I now realize that when people are faced to make decisions, their values come to the surface.

Some people - the Wealthy - value their time more than they value their money.

And others - the Poor - value their money more than their time.

When I say Wealthy and Poor, I'm speaking less about the status of their bank accounts and more about their mindset.

People who view the world through the lens of scarcity and limitations - Poor people - will do anything to hold onto the precious dollars they have. They'll spend years obsessing over finding the perfectly priced used car. They'll drive two hours out of the way to find a certain yogurt at a grocery store for a dollar cheaper. They'll wait a decade to go on a vacation for five days. And they'll waste months complaining about what they don't have without ever finding the time to fix it.

This mentality is rooted in the same cliches that most of us were raised with - money doesn't grow on trees, save it for a rainy day, you can find it cheaper at the Dollar Tree, etc.

But what Poor people fail to realize is that the money they have can always be made back. You can always get a new job, open up a business, or inherent a large sum from a distant uncle you've never heard of.

Making money is easy.

What they will never be able to make back is time.

And this is why Wealthy people put their precious hours above all else.

When you view the world through the lens of endless opportunity and abundance like the Wealthy do, you trust that by putting your money into opportunities that will help you grow faster, you yourself will become better.

And the better you become, the more money you will make.

That's why it's called an investment.

Time cannot be replenished, which is why it has to be strategically utilized.

But it's impossible if you spend days tinkering in activities that get you nowhere.

Endlessly reading blog posts. Searching for the cheapest solutions. Stalking Facebook groups for freebies.

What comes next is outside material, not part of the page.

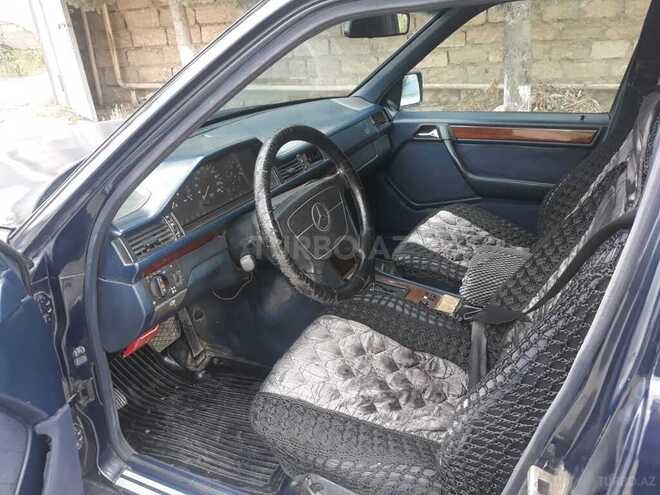 Mercedes E 250 1995, 365,000 km - 2.5 л - Sumqayıt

Contacting 100 service providers comparing prices.

If there is something that you give your time to everyday, every week, or every month that isn't helping you produce the leverage - expertise, money, time, resources, etc - you need to succeed, then I suggest putting those tasks into the hands of someone else so that you can focus on your growth.

If you're building an online business, for example, you should select four to five activities that push you forward and give you the experience and confidence to be more successful.

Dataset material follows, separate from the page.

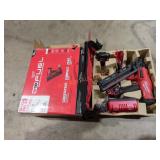 Milwaukee 15 g. Finish nailer kit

Everything else - making business cards, designing your website, writing email sequences, running your Facebook ads, etc - should go to someone who can do it better, faster.

That's what gets you ahead at lightning speed.

Not DIY-ing. Not budget-hunting. Not nickel-and-diming. But trusting that when you invest in the right opportunities, you will get your result 10 times faster.

That's what valuing your time before money looks like.

I would say that maybe 10% of the world views the world this way. But those who do are also the most successful people on the planet.